Un Parisien propose lui de s’en rapprocher, avec l’installation de “skytran”, des cabines volantes. Un système de transport en commun créé par la NASA. Selon lui, Tel-Aviv et Toulouse seraient sur le point de l’adopter. Anne Hidalgo avait d’ailleurs elle aussi déjà fait connaître son envie d’un « transport suspendu ». Plutôt excitant.
Les plus poétiques
Pour favoriser le dialogue et les rencontres, quelqu’un a imaginé des bancs courbés dans les parcs. Et pourquoi pas, dans le même esprit, le retour des bals populaires et des guinguettes ?
Un amateur d’art propose de mettre à disposition d’artistes une « maison de la peinture« .
Certains Parisiens sont d’accord pour retirer les cadenas du pont des Arts pour en faire une sculpture dédiée à l’amour. Ou pour les mouler dans des briques transparentes, disséminées dans chaque recoin de la ville, qui seraient ensuite rétroéclairées pendant les fêtes de fin d’année.

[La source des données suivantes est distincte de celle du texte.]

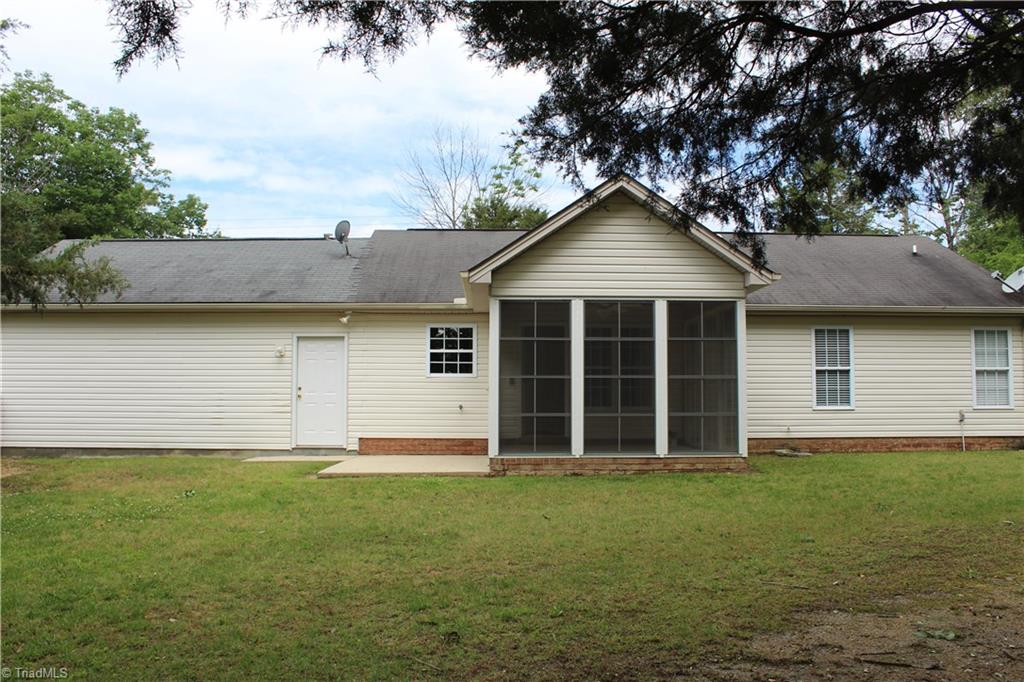 206 Skeet Club Road High Point, NC 27265 - Photo 16 of 20 Gallery Image 16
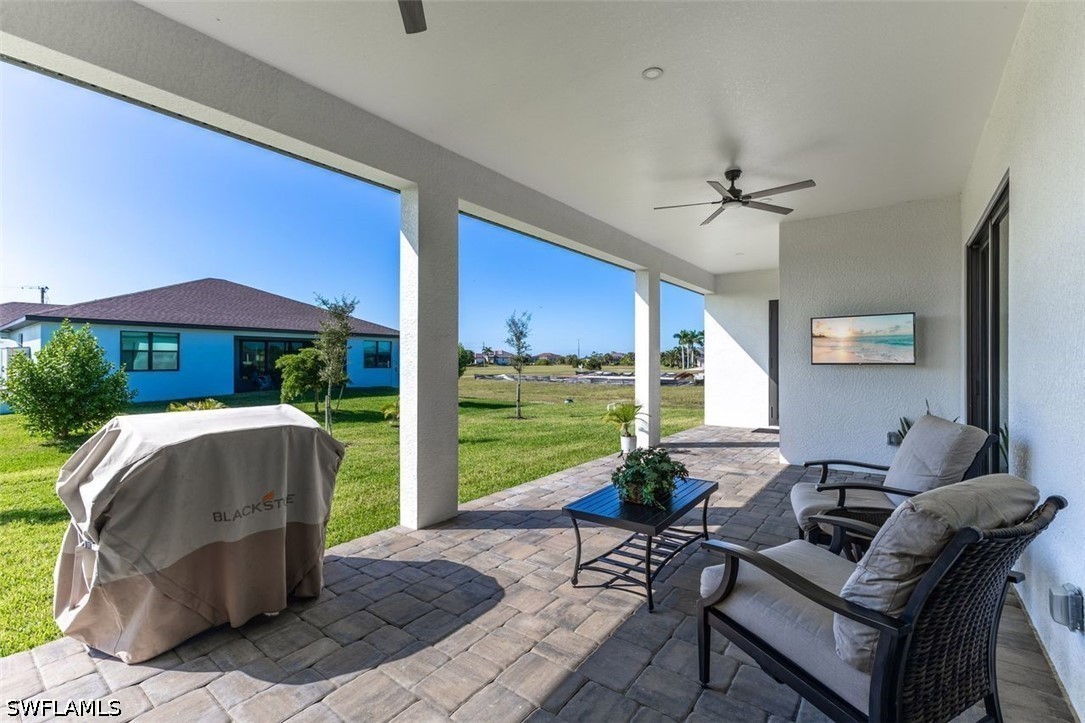 3 Bed SingleFamilyResidence for Sale in Cape Coral, photo 5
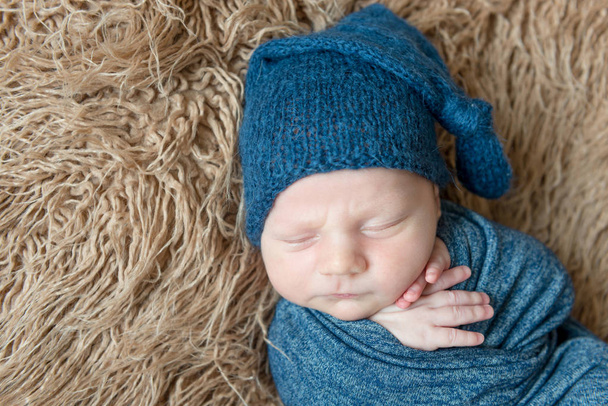 Little kid wrapped in a blue scarf - Foto, afbeelding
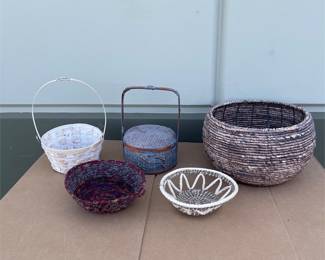 Assorted Woven Baskets with Lidded Carrier (2/5)
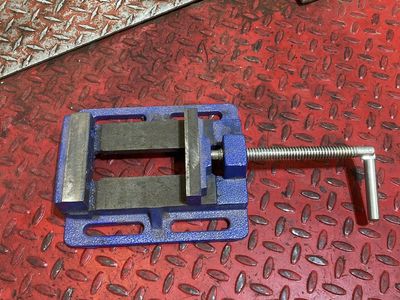 Drill vise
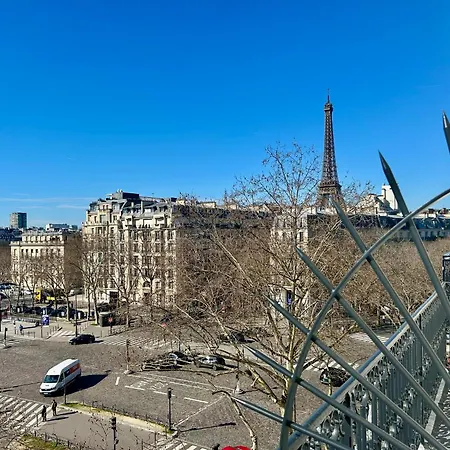 Hotel Eiffel Yard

Parce que Paris est trop gris, une publication suggère que les vélibs et autolibs soient repeintes de toutes les couleurs.
50 nuances de vert
Qu’elles soient incongrues ou qu’elles tombent sous le sens, une thématique majoritaire ressort de toutes les propositions : la végétalisation. Une centaine d’entre elles concernent les parcs, la création de potagers, de fermes associatives autogérées, de murs végétaux, de ruches, de jardins… Sur les balcons, le long des avenues, perchés en haut des toits comme à Brooklyn et même jusque dans les cimetières, les Parisiens veulent une capitale plus verte. Dans laquelle beaucoup d’entre eux veulent pouvoir se déplacer facilement, à vélo surtout. Une centaine de suggestions sont relatives aux transports en commun, à l’aménagement des voies de circulations, et une vingtaine suggèrent l’augmentation et l’amélioration des pistes cyclables. Le recyclage et le compost ont également une grande place. L’idée d’installer des « lombricomposteurs » (des conteneurs pour déchets organiques entretenus par des lombrics) dans les locaux à poubelle, revient pas loin de quatre fois, par exemple.
La plus populaire
Un système de « like » permet aux 200 000 inscrits du site de montrer leur préférence pour tel ou tel projet, qu’ils en aient déposé un ou non. Cependant, ils sont rares à avoir obtenu ces pré-votes, et ne cumulent qu’à une dizaine quand c’est le cas. Une seule proposition a recueilli pas moins de 132 votes. Il s’agit de la suggestion de rachat d’un hôtel désaffecté du XIVe arrondissement afin de le transformer en logements sociaux. Un tel soutien s’explique par la mobilisation des occupants actuels du bâtiment, l’équipe du Safe : Squat artistique féministe et écologiste. Ils ont lancé une campagne sur Facebook pour inciter les gens à voter pour leur proposition sur le site. Fatima-Ezzahra Benomar fait partie des neuf personnes qui y résident à temps plein. Elle explique : « Nous jouons au jeu de démocratie. Nous pensons que plus un projet est soutenu, plus il a de la chance d’être appuyé. Cela dit la campagne sur Facebook n’aurait pas fonctionné si ce n’était pas une idée populaire à la base. » Pour Pauline Véron, l’adjointe d’Anne Hidalgo chargée de la participation citoyenne qui encadre Idée-Paris, l’impact de ces « like » reste limité.
« C’est une sorte de pré-campagne avant le vrai vote. Ceux qui lancent des appels sur Facebook anticipent, ils pensent que ça va jouer, ils partent du principe que leur projet est nécessairement faisable. En réalité, tout le monde est sur un pied d’égalité. En septembre, chacun pourra voter pour une idée à l’échelle de son arrondissement et pour une autre à l’échelle de la ville. Notre objectif avant tout est qu’un maximum de projets soient réalisables. Nous faisons appel à la créativité des Parisiens, nous ne voulons pas les décevoir. »
Si certaines idées resteront sur le carreau cette année, rien ne dit qu’elles ne seront pas réévaluées les années suivantes. Entre 2015 et 2020, 500 millions d’euros seront au total consacrés au budget participatif.